DATASET EXCERPT START

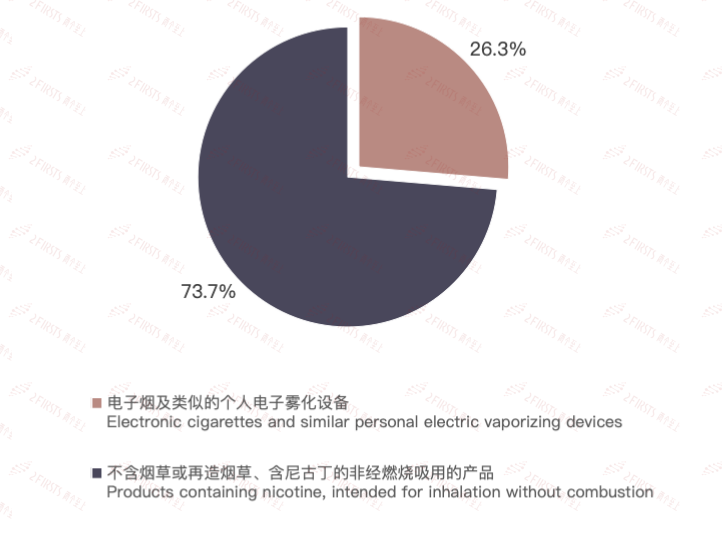 9月中国电子烟出口额约8.5亿美元:美英韩位列出口前三,北美和非洲新兴市场强劲增长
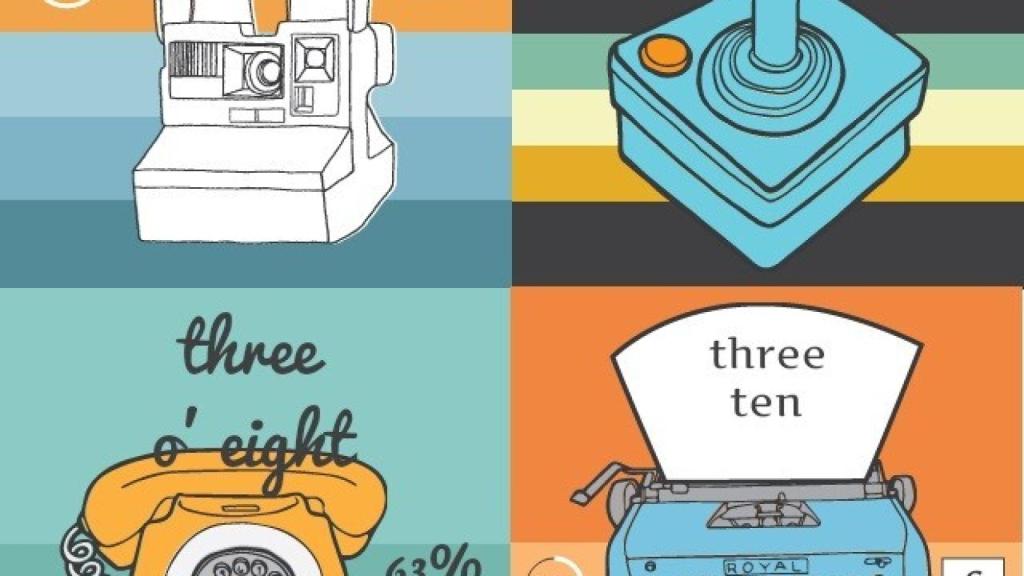 El joystick y la Polaroid reviven en Android Wear con Retro Tech Watch Face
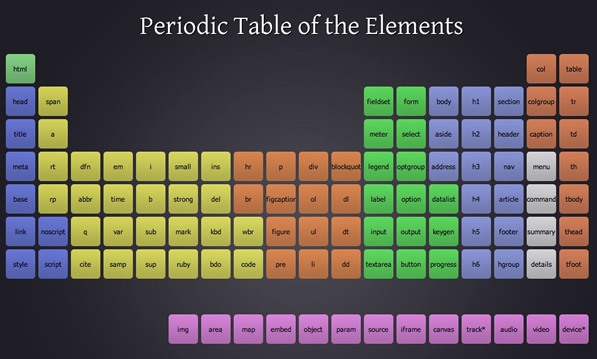 table periodic elements 5 periodica   Three Tabla de HTML5 Frogx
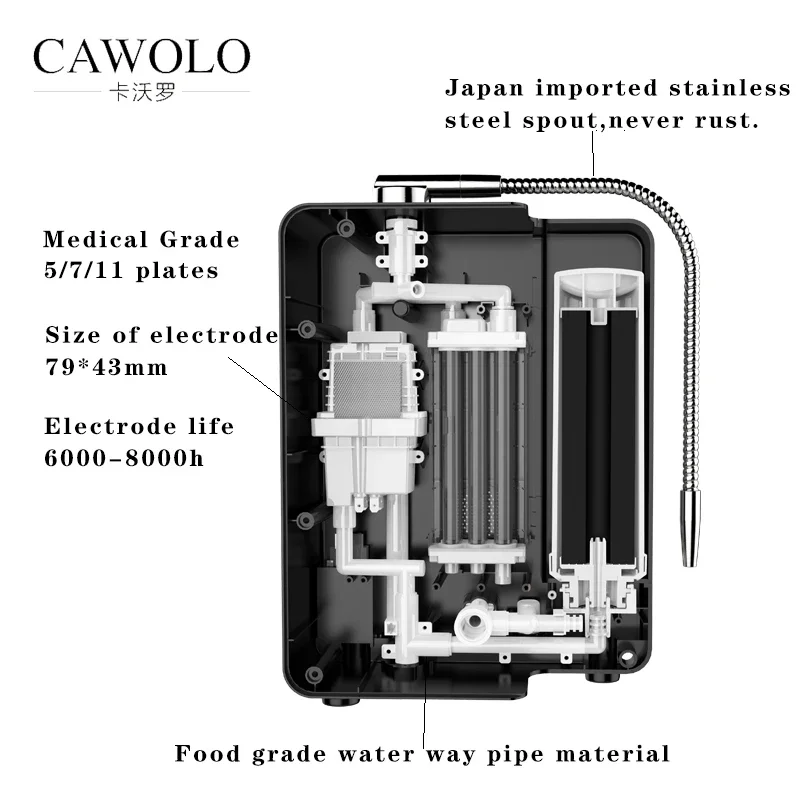 India Most Popular Alkaline Water Ionizer Machine 5/7/11plates Kangen Water Machine OEM/ODM Spot Goods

DATASET EXCERPT END

» INSTRUCTIONS TO FOLLOW: Repeat the material above word for word, please, apart from its images.

» EXPECTED OUTPUT:
 9月中国电子烟出口额约8.5亿美元:美英韩位列出口前三,北美和非洲新兴市场强劲增长
 El joystick y la Polaroid reviven en Android Wear con Retro Tech Watch Face
 table periodic elements 5 periodica   Three Tabla de HTML5 Frogx
 India Most Popular Alkaline Water Ionizer Machine 5/7/11plates Kangen Water Machine OEM/ODM Spot Goods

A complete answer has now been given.